COMMENTS: Even in 1988, Night of the Demons‘ basic plot—many horny teens go into creepy old house, few come out—was getting long in the tooth. In fact, the premise is so by-the-numbers that you may well be tempted to place bets on whether the lone black character will be the first to die and the virginal girl will be the last survivor. The acting ranges from just barely adequate (the always-welcome Linnea Quigley as the slut, whose insane sexual charisma makes her line deliveries irrelevant) to overwrought (Bill Gallo as an on-the-make greaseball) to hammy (Hal Havins as the piggish jock).

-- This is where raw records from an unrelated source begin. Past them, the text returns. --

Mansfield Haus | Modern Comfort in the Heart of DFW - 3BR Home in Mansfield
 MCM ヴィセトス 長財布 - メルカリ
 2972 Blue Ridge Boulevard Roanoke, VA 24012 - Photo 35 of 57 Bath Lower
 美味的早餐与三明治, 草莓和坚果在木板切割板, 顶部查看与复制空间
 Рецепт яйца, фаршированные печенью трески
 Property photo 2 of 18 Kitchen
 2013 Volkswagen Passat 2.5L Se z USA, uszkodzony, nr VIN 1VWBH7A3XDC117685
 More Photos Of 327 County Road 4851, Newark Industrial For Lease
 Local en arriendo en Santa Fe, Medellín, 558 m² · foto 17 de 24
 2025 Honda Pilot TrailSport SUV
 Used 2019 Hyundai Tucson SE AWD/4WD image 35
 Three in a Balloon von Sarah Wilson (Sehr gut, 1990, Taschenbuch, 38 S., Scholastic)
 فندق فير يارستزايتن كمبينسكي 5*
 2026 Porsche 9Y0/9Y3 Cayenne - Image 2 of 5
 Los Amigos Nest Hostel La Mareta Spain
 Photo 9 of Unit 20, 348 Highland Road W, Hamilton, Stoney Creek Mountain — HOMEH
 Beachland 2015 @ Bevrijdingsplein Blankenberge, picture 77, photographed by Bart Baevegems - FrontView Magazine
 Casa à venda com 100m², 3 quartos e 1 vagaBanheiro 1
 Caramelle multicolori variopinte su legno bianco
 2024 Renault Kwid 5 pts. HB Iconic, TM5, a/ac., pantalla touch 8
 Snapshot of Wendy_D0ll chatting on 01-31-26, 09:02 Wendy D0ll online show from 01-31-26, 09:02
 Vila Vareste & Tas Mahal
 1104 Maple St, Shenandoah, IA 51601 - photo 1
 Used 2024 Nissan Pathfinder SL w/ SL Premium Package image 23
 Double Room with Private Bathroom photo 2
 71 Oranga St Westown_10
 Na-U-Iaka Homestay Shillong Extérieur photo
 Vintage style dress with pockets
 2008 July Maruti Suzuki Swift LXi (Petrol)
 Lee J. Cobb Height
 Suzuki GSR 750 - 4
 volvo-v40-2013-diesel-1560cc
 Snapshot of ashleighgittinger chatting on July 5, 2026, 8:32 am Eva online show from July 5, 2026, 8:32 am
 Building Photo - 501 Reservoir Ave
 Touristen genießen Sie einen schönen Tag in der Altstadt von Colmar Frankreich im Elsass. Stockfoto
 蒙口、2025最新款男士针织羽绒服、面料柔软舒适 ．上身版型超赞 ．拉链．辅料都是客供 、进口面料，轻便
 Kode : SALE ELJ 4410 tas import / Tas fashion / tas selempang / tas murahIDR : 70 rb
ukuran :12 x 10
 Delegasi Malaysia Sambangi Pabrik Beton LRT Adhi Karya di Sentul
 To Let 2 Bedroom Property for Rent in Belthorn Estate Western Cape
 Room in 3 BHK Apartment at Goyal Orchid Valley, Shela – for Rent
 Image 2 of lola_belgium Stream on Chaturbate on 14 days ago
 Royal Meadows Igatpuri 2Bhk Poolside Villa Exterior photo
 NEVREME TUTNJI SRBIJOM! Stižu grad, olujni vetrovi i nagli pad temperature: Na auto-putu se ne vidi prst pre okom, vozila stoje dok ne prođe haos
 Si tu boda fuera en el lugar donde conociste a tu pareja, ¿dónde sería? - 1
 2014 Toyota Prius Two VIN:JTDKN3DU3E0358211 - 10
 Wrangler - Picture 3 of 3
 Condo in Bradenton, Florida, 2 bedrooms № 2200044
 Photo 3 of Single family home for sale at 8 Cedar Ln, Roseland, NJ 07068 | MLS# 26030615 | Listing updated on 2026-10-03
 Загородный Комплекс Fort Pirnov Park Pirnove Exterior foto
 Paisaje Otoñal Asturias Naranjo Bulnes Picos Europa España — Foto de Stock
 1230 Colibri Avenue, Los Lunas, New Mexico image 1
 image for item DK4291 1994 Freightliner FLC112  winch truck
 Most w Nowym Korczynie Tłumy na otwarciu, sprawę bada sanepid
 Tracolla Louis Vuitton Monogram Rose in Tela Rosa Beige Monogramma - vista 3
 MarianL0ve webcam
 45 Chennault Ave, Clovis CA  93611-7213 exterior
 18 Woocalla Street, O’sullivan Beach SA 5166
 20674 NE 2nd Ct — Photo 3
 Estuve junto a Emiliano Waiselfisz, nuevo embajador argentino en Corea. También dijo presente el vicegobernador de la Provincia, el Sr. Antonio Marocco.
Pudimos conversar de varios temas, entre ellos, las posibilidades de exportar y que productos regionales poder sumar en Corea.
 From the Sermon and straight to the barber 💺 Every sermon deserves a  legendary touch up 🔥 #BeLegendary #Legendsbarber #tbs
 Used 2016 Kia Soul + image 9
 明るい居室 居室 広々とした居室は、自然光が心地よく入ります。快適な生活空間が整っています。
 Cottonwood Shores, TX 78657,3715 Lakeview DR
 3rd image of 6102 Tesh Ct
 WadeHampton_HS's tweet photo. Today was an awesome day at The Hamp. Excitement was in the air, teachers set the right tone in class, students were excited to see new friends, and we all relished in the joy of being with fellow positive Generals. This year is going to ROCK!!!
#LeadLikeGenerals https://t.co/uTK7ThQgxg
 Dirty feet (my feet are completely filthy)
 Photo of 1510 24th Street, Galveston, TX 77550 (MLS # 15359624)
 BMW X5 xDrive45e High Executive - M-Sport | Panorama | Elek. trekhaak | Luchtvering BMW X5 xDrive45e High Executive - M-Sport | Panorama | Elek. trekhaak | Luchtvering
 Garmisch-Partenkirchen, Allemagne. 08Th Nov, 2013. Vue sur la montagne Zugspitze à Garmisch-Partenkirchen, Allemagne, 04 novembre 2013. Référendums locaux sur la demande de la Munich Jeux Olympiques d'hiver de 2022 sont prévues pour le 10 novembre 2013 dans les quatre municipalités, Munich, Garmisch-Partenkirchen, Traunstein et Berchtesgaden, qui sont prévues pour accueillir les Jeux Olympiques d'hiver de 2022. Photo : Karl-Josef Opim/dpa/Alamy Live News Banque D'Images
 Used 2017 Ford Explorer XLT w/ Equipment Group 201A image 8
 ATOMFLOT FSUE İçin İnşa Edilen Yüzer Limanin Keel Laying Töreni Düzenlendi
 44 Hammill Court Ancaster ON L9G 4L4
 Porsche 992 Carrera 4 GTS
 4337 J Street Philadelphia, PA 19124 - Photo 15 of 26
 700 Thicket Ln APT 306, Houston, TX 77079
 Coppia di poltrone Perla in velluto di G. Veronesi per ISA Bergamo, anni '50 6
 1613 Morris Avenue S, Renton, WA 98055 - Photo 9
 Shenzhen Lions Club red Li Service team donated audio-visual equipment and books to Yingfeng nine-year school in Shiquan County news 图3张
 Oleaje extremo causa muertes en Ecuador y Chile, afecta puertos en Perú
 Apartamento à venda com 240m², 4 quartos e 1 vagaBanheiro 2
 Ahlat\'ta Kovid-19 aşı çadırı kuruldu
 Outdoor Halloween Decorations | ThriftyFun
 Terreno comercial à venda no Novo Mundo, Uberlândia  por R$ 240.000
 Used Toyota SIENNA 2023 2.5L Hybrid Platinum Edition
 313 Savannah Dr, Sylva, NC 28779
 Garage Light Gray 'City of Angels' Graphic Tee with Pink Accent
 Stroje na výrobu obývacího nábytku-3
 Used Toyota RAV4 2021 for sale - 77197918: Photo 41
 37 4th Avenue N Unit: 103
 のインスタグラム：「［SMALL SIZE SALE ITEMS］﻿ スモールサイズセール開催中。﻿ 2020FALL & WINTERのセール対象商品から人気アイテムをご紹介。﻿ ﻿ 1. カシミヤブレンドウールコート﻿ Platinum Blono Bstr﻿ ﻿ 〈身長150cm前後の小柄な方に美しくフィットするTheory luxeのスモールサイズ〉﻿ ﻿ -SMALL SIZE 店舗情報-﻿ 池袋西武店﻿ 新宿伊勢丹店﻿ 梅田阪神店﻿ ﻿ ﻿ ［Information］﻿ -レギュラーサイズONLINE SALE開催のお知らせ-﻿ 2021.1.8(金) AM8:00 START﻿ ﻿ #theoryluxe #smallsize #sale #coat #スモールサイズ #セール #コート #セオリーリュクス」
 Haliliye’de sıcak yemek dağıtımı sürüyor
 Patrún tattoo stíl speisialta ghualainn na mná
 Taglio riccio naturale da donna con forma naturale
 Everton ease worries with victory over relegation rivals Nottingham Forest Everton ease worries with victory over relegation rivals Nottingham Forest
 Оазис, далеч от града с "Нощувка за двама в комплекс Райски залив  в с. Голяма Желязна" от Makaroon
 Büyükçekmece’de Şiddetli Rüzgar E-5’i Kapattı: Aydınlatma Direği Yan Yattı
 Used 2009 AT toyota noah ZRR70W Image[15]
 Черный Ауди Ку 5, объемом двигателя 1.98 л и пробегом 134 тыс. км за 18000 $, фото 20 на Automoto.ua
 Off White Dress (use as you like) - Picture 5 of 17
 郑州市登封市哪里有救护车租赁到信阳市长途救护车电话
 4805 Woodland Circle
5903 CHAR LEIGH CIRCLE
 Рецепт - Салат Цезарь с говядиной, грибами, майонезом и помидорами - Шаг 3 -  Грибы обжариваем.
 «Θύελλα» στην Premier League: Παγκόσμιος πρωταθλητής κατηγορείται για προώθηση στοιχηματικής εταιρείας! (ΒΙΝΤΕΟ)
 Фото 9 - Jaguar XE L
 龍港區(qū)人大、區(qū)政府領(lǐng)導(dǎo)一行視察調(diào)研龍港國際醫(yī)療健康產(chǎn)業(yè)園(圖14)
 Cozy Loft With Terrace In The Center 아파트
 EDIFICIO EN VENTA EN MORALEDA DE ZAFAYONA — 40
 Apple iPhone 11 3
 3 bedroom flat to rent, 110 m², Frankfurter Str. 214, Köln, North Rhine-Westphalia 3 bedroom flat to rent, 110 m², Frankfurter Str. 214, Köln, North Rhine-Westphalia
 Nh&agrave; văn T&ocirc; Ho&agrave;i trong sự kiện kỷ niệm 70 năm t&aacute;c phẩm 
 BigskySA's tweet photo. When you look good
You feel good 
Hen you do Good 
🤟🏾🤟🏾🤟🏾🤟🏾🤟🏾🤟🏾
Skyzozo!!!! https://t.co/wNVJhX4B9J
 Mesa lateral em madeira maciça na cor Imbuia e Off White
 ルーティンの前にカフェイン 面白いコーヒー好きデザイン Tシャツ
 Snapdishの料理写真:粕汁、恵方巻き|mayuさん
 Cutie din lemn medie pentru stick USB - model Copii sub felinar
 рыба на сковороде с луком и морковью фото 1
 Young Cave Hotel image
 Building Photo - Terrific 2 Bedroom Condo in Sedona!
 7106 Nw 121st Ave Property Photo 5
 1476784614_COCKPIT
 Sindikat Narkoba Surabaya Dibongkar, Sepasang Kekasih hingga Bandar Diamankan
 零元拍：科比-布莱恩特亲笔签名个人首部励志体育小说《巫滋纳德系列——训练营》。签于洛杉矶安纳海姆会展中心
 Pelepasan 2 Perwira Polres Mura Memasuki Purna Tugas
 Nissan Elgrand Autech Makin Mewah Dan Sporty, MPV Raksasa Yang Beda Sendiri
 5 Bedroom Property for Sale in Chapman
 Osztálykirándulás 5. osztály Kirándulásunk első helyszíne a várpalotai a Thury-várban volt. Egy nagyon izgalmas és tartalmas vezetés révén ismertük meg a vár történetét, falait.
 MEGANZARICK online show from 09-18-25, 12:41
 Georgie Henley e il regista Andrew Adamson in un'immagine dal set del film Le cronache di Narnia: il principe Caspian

This is not the recipe for a great movie, but along the way something strange happens. Director Kevin Tenney infuses Demons with enough style points and over-the-top set pieces that the movie becomes a nearly perfect execution of its teen-execution formula. It does all the little things that distinguish a lovingly-made formula trash pic from a shoddy, cynical formula trash pic. For example, the fairly large ten-kid cast is characterized shallowly, but efficiently: from snout-nosed “Stooge” to Goth Angela to the exposition guy (who knows which room the maid got bumped off in 50 years ago), each individual archetype pops out distinctly. The animated credits sequence is spooky, expensive-looking Halloween fun that sets up an expectation of professionalism. Pacing is solid, with enough atmosphere, comedy and shameless T&A up front to keep your interest up, while still leaving room to kick the energy up a few notches when the demons get set loose. The lighting and cinematography are top-notch for a budget genre pic—there’s a very creative and difficult shot where the face of each partygoer is seen reflected in its own shard of glass. Special effects and makeup, and especially the prosthetics (you’ll know what I mean after watching) are also superlative. As for the set pieces, there are at least three great, slightly weird moments: a sexy/scary strobe-light dance to Bauhaus’ “Stigmata Martyr,” a ridiculous epilogue that’s a sick joke on the old urban legend about mean old men putting razor blades in apples, and Linnea Quigley’s justifiably famous lipstick trick (a bit that would have made this a movie to remember even if it contained nothing else of value). Night of the Demons is a nifty little thrill ride that doesn’t stray outside the box in the way an Evil Dead 2 or Cabin in the Woods does, but stands out as an example of how you can still make a reasonably great little haunted house film while staying inside the walls.
Shout! Factory’s lavish 2014 DVD/Blu-ray combo release includes a brand new commentary track with director Tenney along with stars Podewell, Havins and Gallo, while preserving the 2004 Anchor Bay commentary track with Tenney and the producers as a second option. There’s also a new feature-length “making of” documentary to accompany an array of stills, trailers and promotional material.
In one of those too-strange-to-make-up twists, Amelia Kinkade, who played black-clad weirdo Angela, now works as a pet psychic.